This article was originally published on ETFTrends.com.
Oil services ETFs, including the VanEck Vectors Oil Services ETF (NYSEArca: OIH), are often highly correlated to the price of oil, meaning the group has been under pressure amid this year's wilting oil prices.
OIH seeks to replicate as closely as possible the price and yield performance of the MVIS® US Listed Oil Services 25 Index. The index includes common stocks and depositary receipts of U.S. exchange-listed companies in the oil services sector. Such companies may include small- and medium-capitalization companies and foreign companies that are listed on a U.S. exchange.
“Exploration-focused oilfield service (OFS) companies will face the largest demand decline as a result of oil and gas producers cutting their capex and operating expenditure, followed closely by drillers,” said Fitch Ratings in a recent note. “The impact will be felt across the entire OFS sector, but diversified companies and service providers working in regions with low breakeven oil prices are better-placed to withstand the downturn.”
The expected global supply glut is also the latest threat to the Organization of the Petroleum Exporting Countries and other producers, which have already enacted production caps in an attempt to stabilize prices and balance the market.
At the Joint Ministerial Monitoring Committee meeting Wednesday, the Organization of the Petroleum Exporting Countries and allied producers said they will limit record production cuts of 9.7 million barrels per day to 7.7 million barrels per day beginning in August through the end of the year amid possible signals of amelioration in the oil market.

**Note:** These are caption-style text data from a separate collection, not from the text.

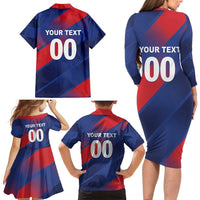 Custom England Cricket Family Matching Long Sleeve Bodycon Dress and Hawaiian Shirt Come On Three Lions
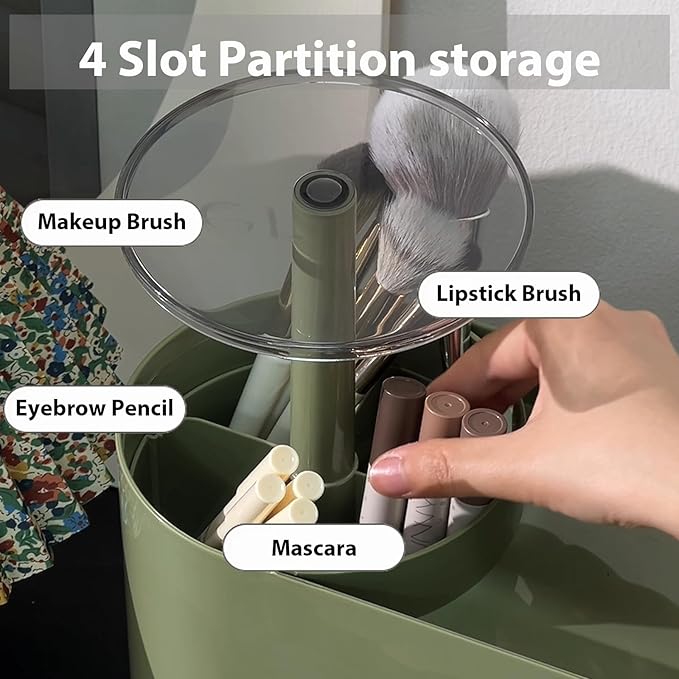 Makeup Organizer with Drawers for Vanity, 4 Slot Brush Holder with One Touch Open,Spacious Cosmetic Storage for Dresser Vanity and Bathroom Countertop, Beauty Holder for Lipstick Skincare(Green)-NeatNest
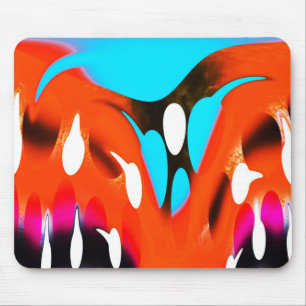 Funky orange art mouse pad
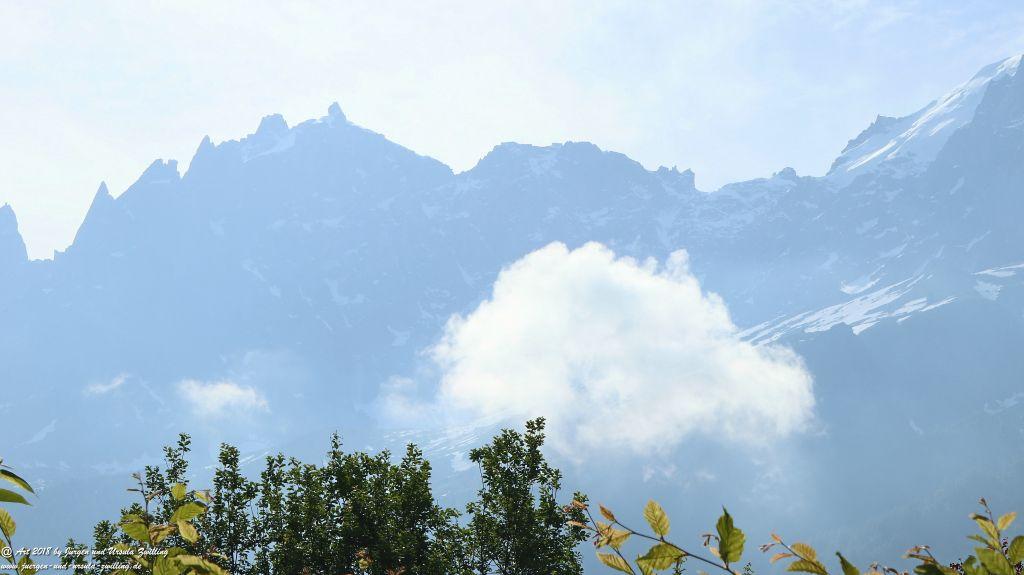 Philosophische Bildwanderung Les Bossons nach am Chamonix am Fuße des Mont Blanc und Aiguille du Midi - Frankfreich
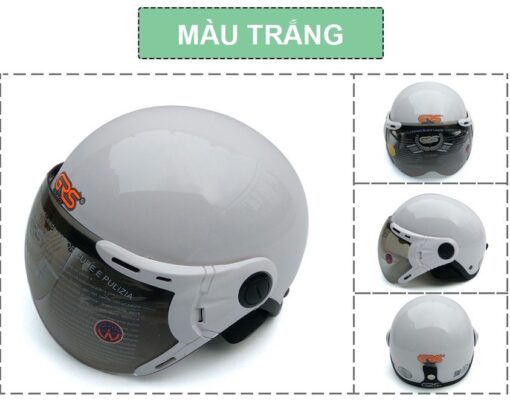 Mũ Bảo Hiểm Nửa Đầu Có Kính GRS A33K màu trắng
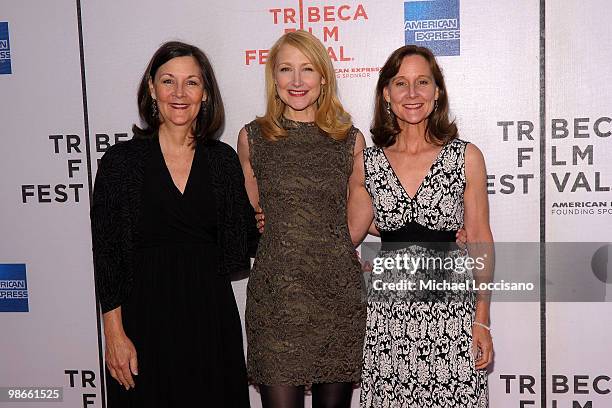 Actress Patricia Clarkson with sisters Cindy Alsfeld and Kevi Sanders at the premiere of "Cairo Time" during the 2010 Tribeca Film Festival at the...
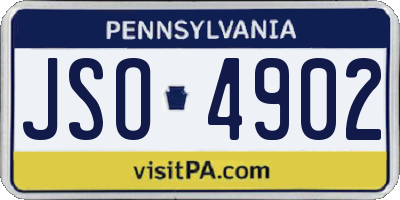 PA license plate JSO4902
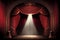 Magic theater stage red curtains show spotlight, digital illustration painting artwork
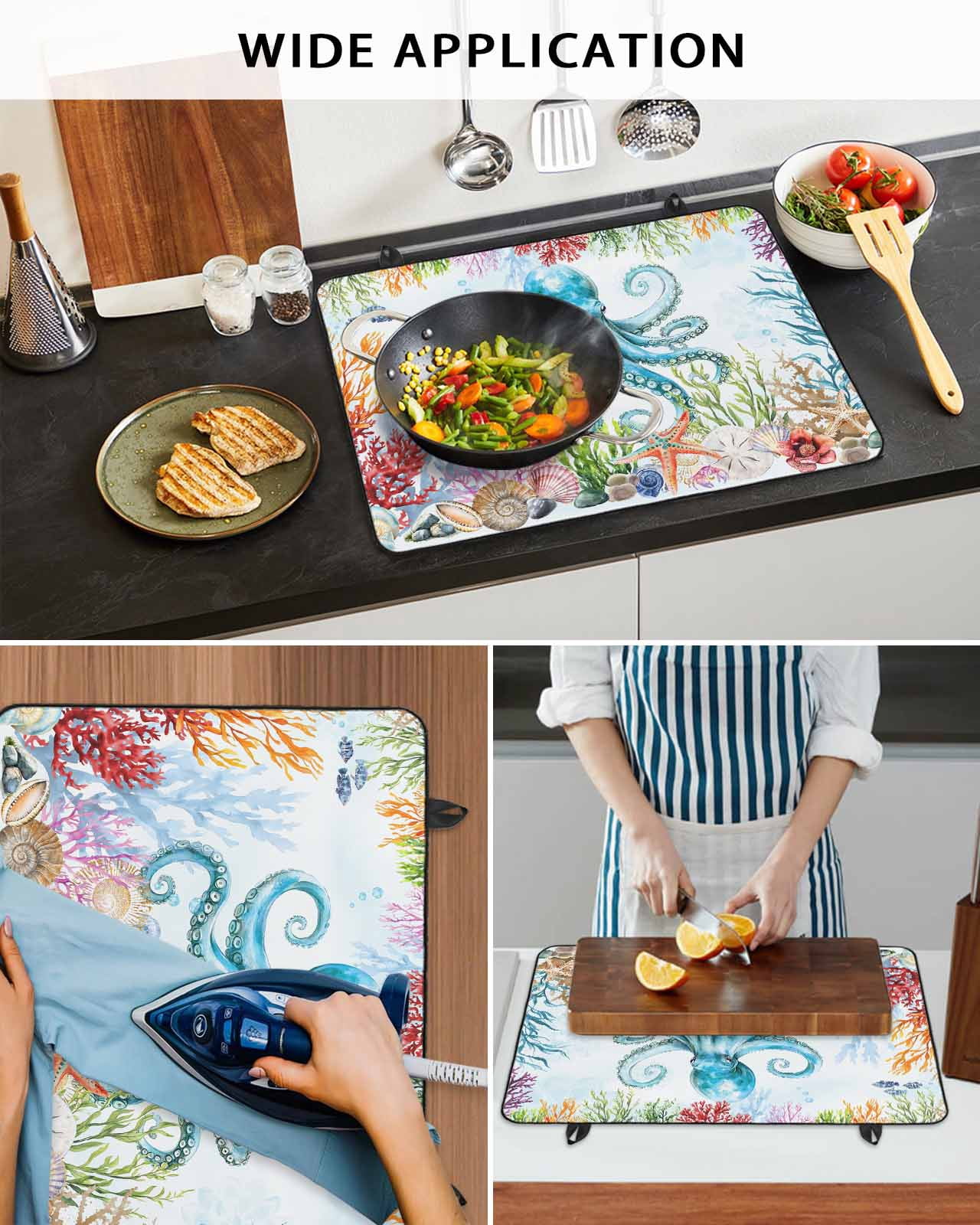 nqOlkjepod Large Induction Cooktop Protector Mat 24"x21", Octopus Coastal Stove Top Covers for Electric Stove, Blue Nautical Summer Beach Ocean Stove Burner Cover Mats, Glass Top Stove Cover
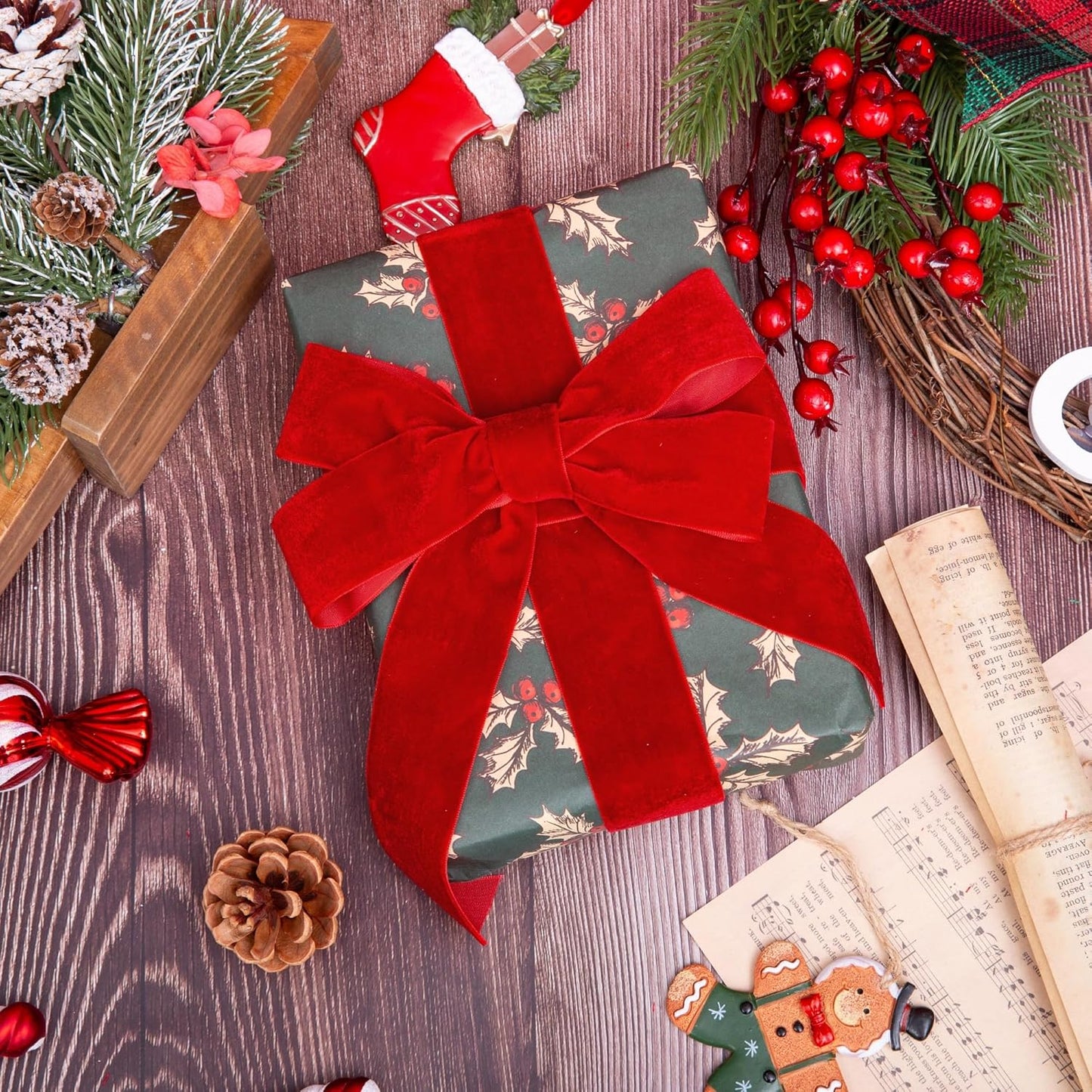 Velvet Ribbon, 1 1/2-Inch by 25-Yard Spool (Red)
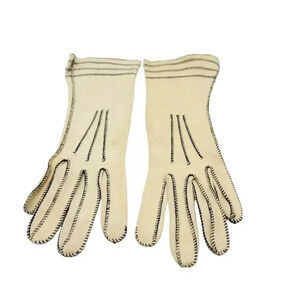 Beige Black Stitched Vintage Driving Gloves Cotton Womens Mid Century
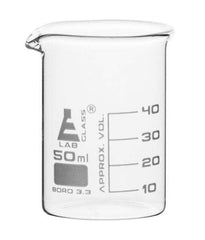 LabGlass® Beaker Low form, with spout made of borosilicate glass, graduated, 50ml. (Pack of 12)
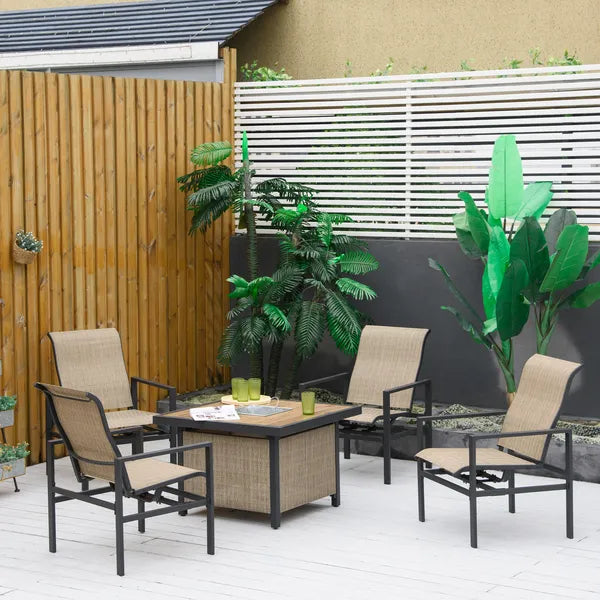 Outsunny 5-Piece Rattan Patio Dining Set Outdoor Wicker Furniture Set 4 Rocking Chairs and Square Table with Metal Ice Bucket, Beige - product image 10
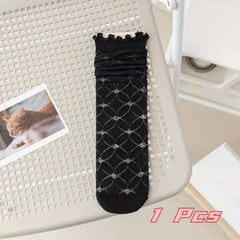 2 Pairs Floral Print Ruffle Socks Comfy & Breathable All match Stockings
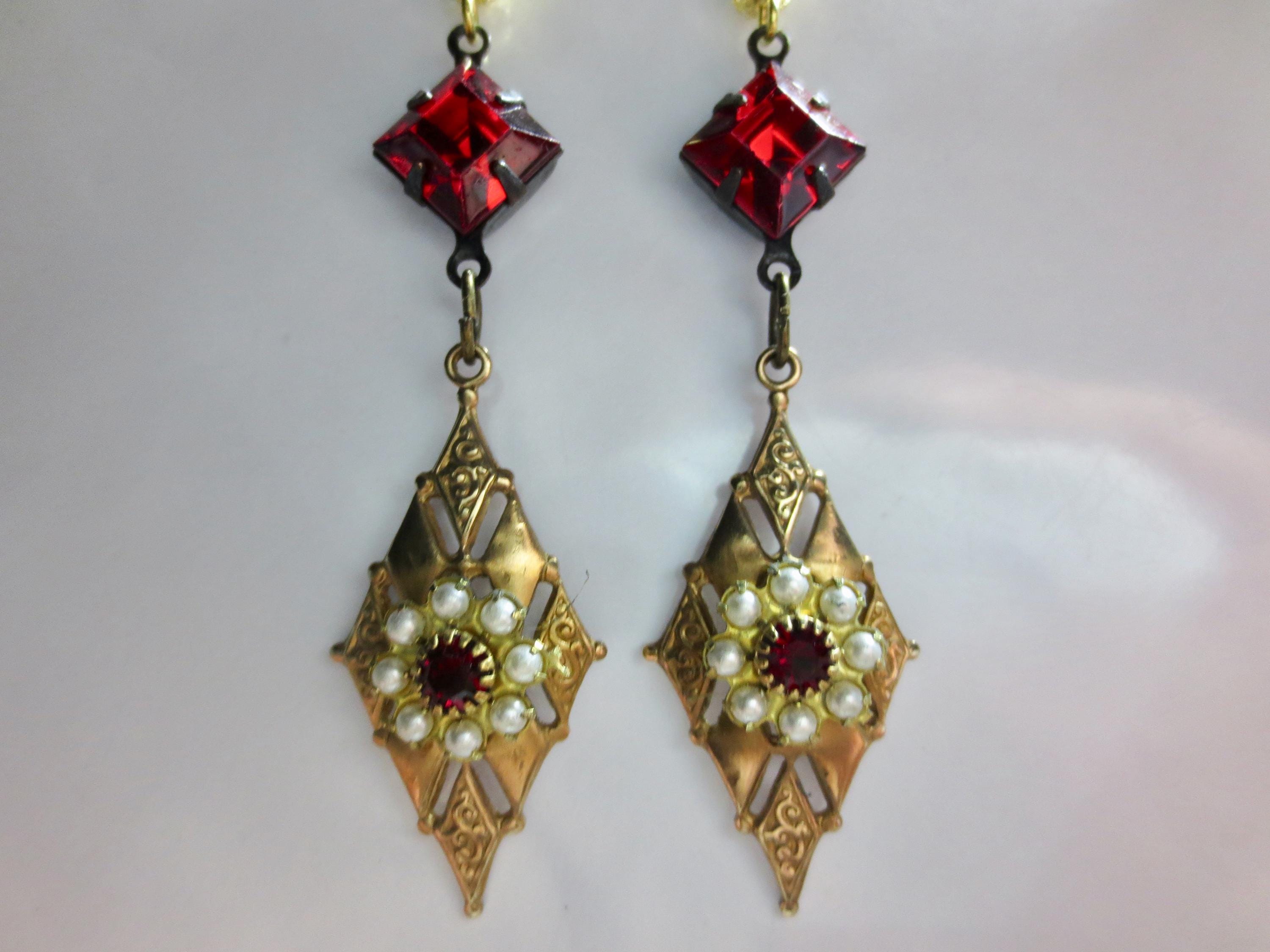 Clips D'oreilles Vintage Années 1930-1940 - Perles, Strass Et Métal Argenté - Occasion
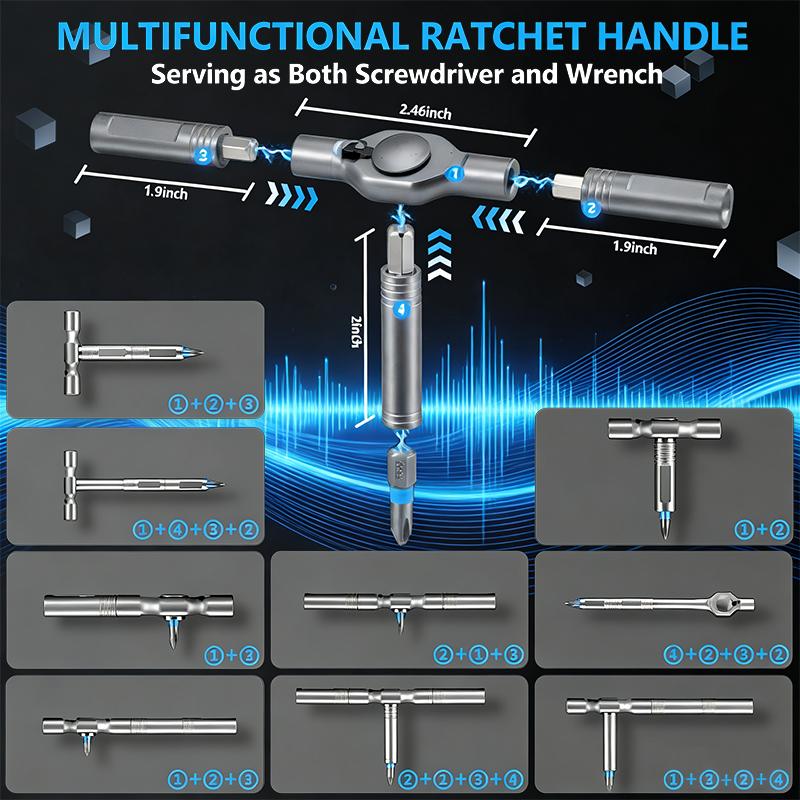 24 In 1 Magnetic Screwdriver Set Magnetic Compact and Portable Ratchet Screwdriver with Reversible High Torque Drive Handle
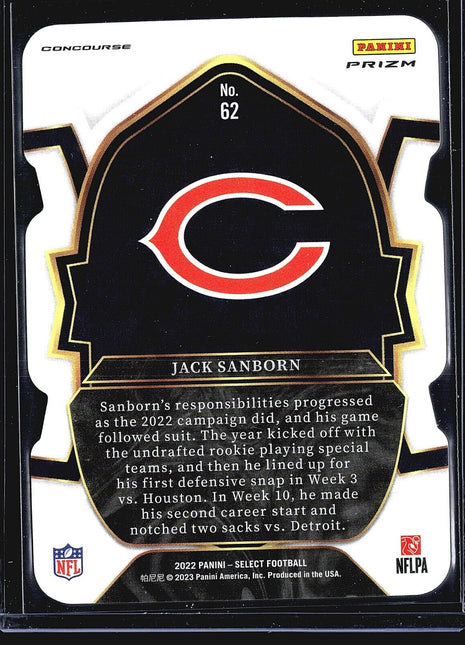 2022 Panini Select - Concourse Black & Green Prizm Die-Cut #62 Jack Sanborn (RC)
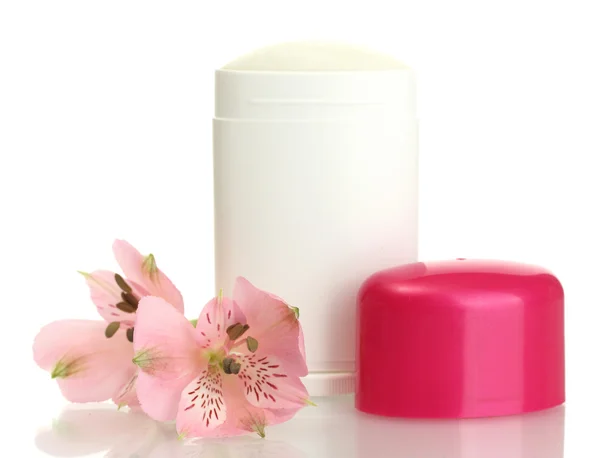 Deodorante con fiori isolati su bianco — Foto Stock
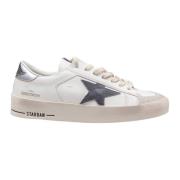 Golden Goose Vita lädersneakers med grå stjärna White, Herr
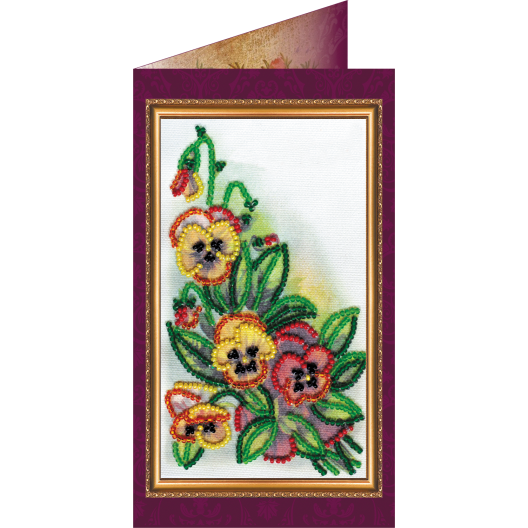 Postcard Bead embroidery kit Happy Anniversary – 2, AO-097 by Abris Art - buy online! ✿ Fast delivery ✿ Factory price ✿ Wholesale and retail ✿ Purchase Postcards for bead embroidery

Iraq, who was not able to fully comply with the cuts in May and June will make adjustments to offset for the added output. Including that compensation, Saudi Energy Minister Prince Abdulaziz bin Salman said actual curtailing of supply will reach almost 8.1 million to 8.2 million barrels per day. An OPEC+ document seen by S&P Global Platts, however, revealed that 13 countries pumped above their quotas in the first two months of the deal by a combined 840,000 barrels per day.
Declining exploration budgets are another factor weighing on oil services providers this year.
“The largest cut in oil and gas producers' capital programs will be in the exploration segment, which we expect to reduce by 20%-30% in 2020 yoy. We expect this will reduce funds from operations (FFO) of PGS ASA, a global marine seismic company focusing on the offshore segment, by more than half. This has renewed pressure on the company's liquidity and led us to downgrade its rating to 'CCC' on 27 April 2020, despite a successful refinancing in February 2020,” according to Fitch.